We can again define the information gain as an objective to maximize:
\begin{align}\label{general}
V(S) = \entropy(h) -\entropy(h\mid y_S),\quad S\subseteq\mathcal{N} 
\end{align}
This is a monotone set function, and it clearly satisfies $V(\emptyset)=0$.
 In general, the information gain is not a submodular function. However, when the errors $\epsilon_i$ are independent conditioned on $h$, the following lemma holds: \begin{lemma}
The value function given by the information gain \eqref{general} is submodular.
\end{lemma}
\begin{proof}
A more general statement for graphical models is shown in~\cite{krause2005near}; in short, using the chain rule for the conditional entropy we get:
\begin{equation}\label{eq:chain-rule}
    V(S) = H(y_S) - H(y_S \mid h) 
    = H(y_S) - \sum_{i\in S} H(y_i \mid h)
\end{equation}
where the second equality comes from the independence of the $y_i$'s
conditioned on $h$. Recall that the joint entropy of a set of random
variables is a submodular function. Thus, the value function is written in
\eqref{eq:chain-rule} as the sum of a submodular function and a modular function.
\end{proof}

This lemma implies that learning an \emph{arbitrary hypothesis, under an
arbitrary prior} when noise is conditionally independent leads to a submodular
value function. Hence, we can apply the previously known results by \citeN{singer-mechanisms} and \citeN{chen} to get
the following corollary:
\begin{corollary}
    For Bayesian experimental design with an objective given by the
    information gain \eqref{general}, there exists a  randomized, polynomial-time, budget
    feasible, individually rational, and universally truthful mechanism with
    a $7.91$ approximation ratio, in expectation.

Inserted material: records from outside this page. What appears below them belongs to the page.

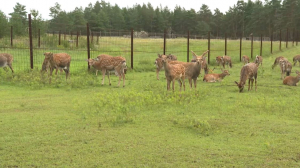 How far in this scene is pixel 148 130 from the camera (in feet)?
20.5

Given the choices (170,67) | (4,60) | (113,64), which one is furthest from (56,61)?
(170,67)

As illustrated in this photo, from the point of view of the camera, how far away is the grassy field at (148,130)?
4.80 meters

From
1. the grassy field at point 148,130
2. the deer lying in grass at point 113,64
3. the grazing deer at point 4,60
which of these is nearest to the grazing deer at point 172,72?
the grassy field at point 148,130

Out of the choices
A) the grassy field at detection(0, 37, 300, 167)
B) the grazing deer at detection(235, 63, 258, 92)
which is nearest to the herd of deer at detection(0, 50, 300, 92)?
the grazing deer at detection(235, 63, 258, 92)

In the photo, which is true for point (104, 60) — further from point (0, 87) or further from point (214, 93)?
point (214, 93)

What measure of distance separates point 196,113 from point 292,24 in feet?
271

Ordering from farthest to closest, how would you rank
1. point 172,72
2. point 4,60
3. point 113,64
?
point 4,60 → point 113,64 → point 172,72

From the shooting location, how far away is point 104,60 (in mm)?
12953

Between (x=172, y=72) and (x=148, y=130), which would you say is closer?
(x=148, y=130)

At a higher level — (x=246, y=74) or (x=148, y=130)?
(x=246, y=74)

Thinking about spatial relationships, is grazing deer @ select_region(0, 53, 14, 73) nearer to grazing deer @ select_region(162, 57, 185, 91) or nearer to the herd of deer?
the herd of deer

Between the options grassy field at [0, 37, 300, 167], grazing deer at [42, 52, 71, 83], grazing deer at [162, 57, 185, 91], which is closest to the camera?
grassy field at [0, 37, 300, 167]

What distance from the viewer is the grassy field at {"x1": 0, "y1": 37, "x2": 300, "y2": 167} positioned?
4.80 meters

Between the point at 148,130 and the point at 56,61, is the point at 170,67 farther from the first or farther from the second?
the point at 56,61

    In cases where maximizing \eqref{general} can be done in polynomial time in
    the full-information setup, there exists a deterministic,  polynomial-time, budget feasible,
    individually rational, and truthful mechanism for Bayesian experimental
    design with an $8.34$ approximation ratio. 
\end{corollary}

Note however that, in many scenarios covered by this model (including the last
two examples above), even computing the entropy under a given set might be
a hard task---\emph{i.e.}, the value query model may not apply. Hence,
identifying learning tasks in the above class for which truthful or universally
truthful constant approximation mechanisms exist, or studying these problems in
the context of stronger query models such as the demand model
\cite{dobz2011-mechanisms,bei2012budget} remains an interesting open question. 

%TODO: Independent noise model. Captures models such as logistic regression, classification, etc. Arbitrary prior. Show that change in the entropy is submodular (cite Krause, Guestrin).